Dimensionality reduction for temporal organization

Greetings,

Sorry this is not necessarily a code share as the code is a bit noodly right now, but here’s a project I did last month using UMAP and a Traveling Salesperson Problem solver to organize audio slices into 1D paths and the reconstruct them through time.

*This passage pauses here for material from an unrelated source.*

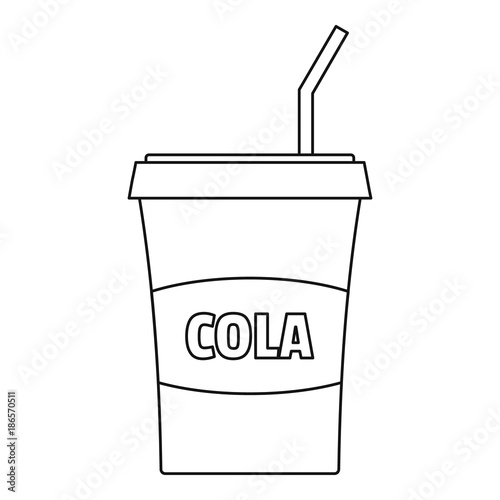 Cola icon. Outline illustration of cola vector icon for web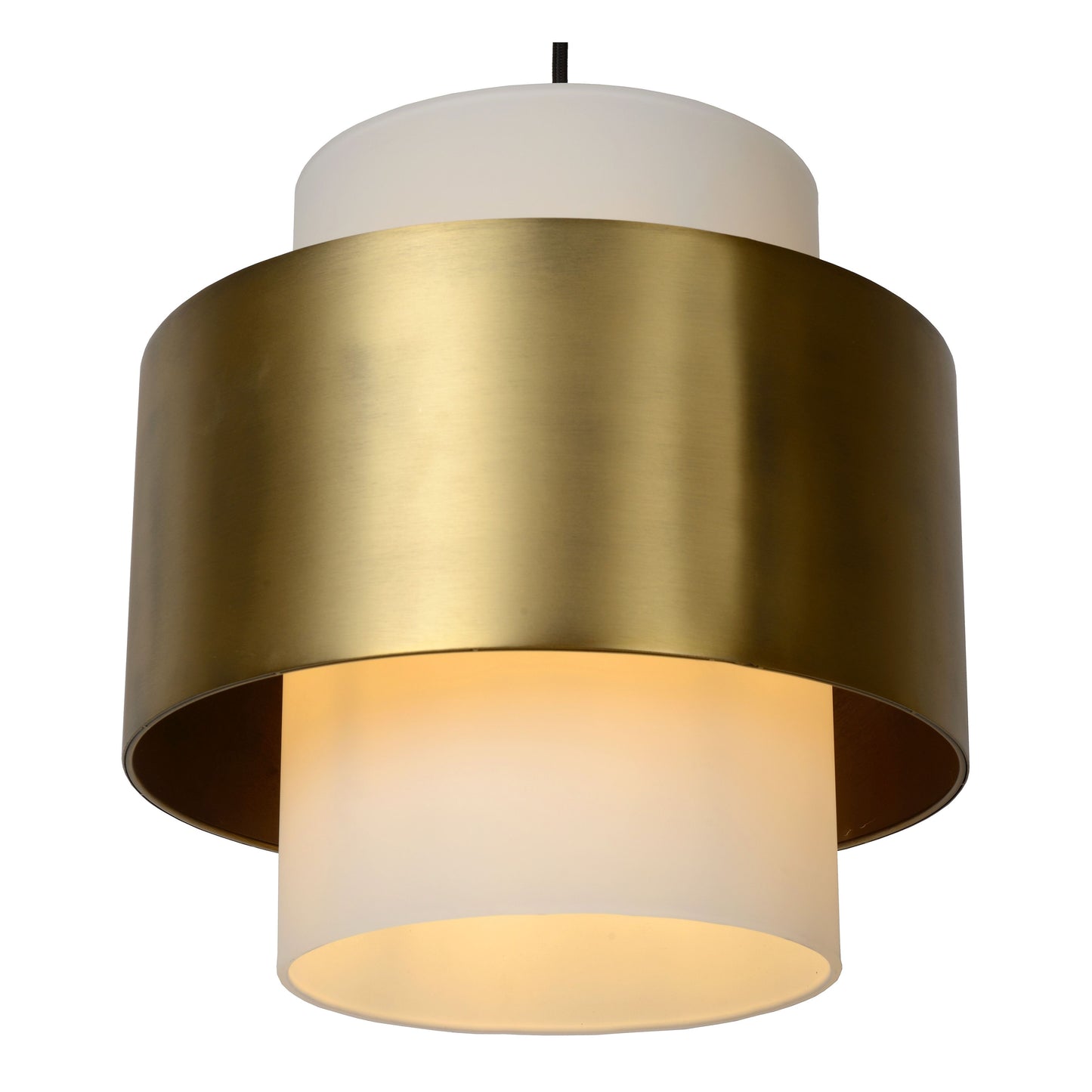 Lucide FIRMIN - Pendant light - Ø 30 cm - 1xE27 - Matt Gold / Brass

  1. I started with a bunch of audio and video recordings of some music that I composed.
  2. I sliced all that audio into 100 ms slices.
  3. I analyzed those slices and extracted audio descriptors (714 columns by the time the 1st derivative and all statistics were done!).
  4. I reduced that to 11 principle components (and was able to retain 99% of the variance!).
  5. I then used two ways of reducing this further to 1D, the first was a UMAP down to 1D and the second was a TSP solver algorithm (in python… python-tsp · PyPI FWIW)
  6. Then with each of these 1D sequences of slices, I reconstructed the audio-video file.

The tsp-solver solution is quite jittery, frequently jumping between different audio files and not staying in one place for too long:

One can kind of see that in this plot. Each dot is a 100 ms slice of audio. The X position shows the slice’s time position in the reconstructed sequence (the youtube link). The Y positions shows what source file it came from and where in that file (bottom of the “file’s bar” is at the beginning of the file, top is at the end).

The UMAP 1D solution is more smooth, showing crossfades of density as it transitions from one source file to the next:

That can also be seen here:

While creating the final piece, I selected some passages from each of these but didn’t end up using all the material, just the passages I liked! You can watch the whole thing here (password: framerate). The piece isn’t supposed to be public yet… so it’s behind a password…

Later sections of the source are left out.